[Short descriptive text snippets]
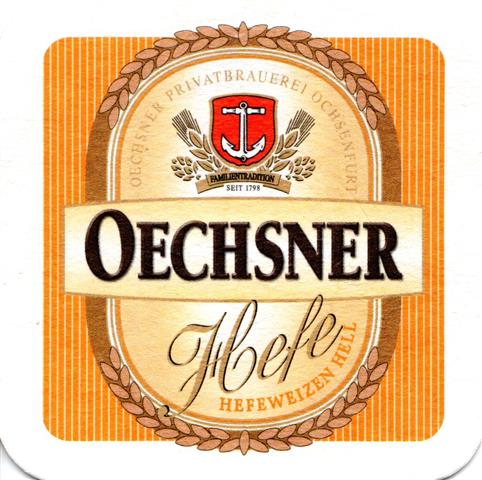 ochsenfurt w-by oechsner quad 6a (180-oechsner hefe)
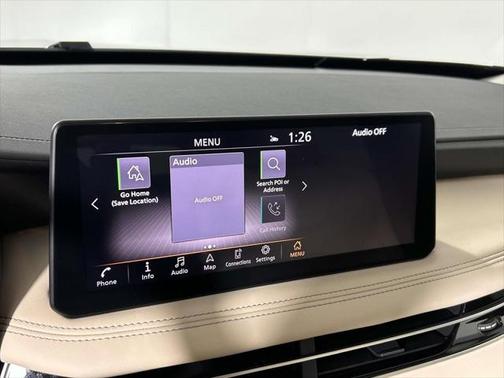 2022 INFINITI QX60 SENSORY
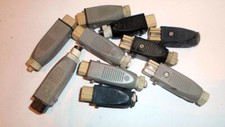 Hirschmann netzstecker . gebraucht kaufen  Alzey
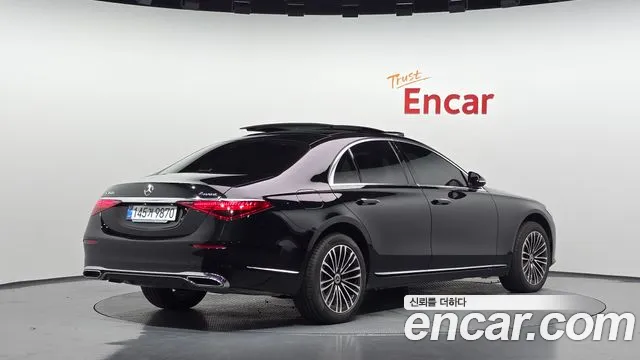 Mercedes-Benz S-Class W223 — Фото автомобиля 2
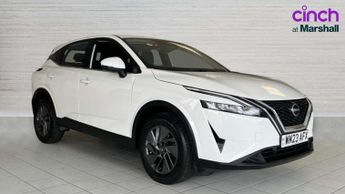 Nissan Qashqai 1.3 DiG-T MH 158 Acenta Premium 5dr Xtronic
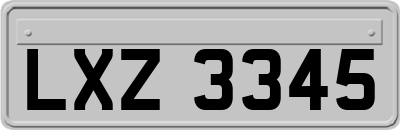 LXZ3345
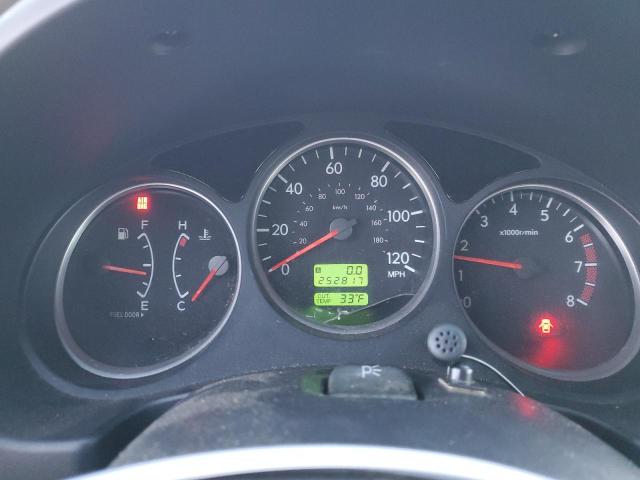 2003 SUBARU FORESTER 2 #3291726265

§ Problem requirements:
All of the records above are to be written out exactly, minus their images.

§ Exercise result:
 ochsenfurt w-by oechsner quad 6a (180-oechsner hefe)
 2022 INFINITI QX60 SENSORY
 Hirschmann netzstecker . gebraucht kaufen  Alzey
 Mercedes-Benz S-Class W223 — Фото автомобиля 2
 Nissan Qashqai 1.3 DiG-T MH 158 Acenta Premium 5dr Xtronic
 LXZ3345
 2003 SUBARU FORESTER 2 #3291726265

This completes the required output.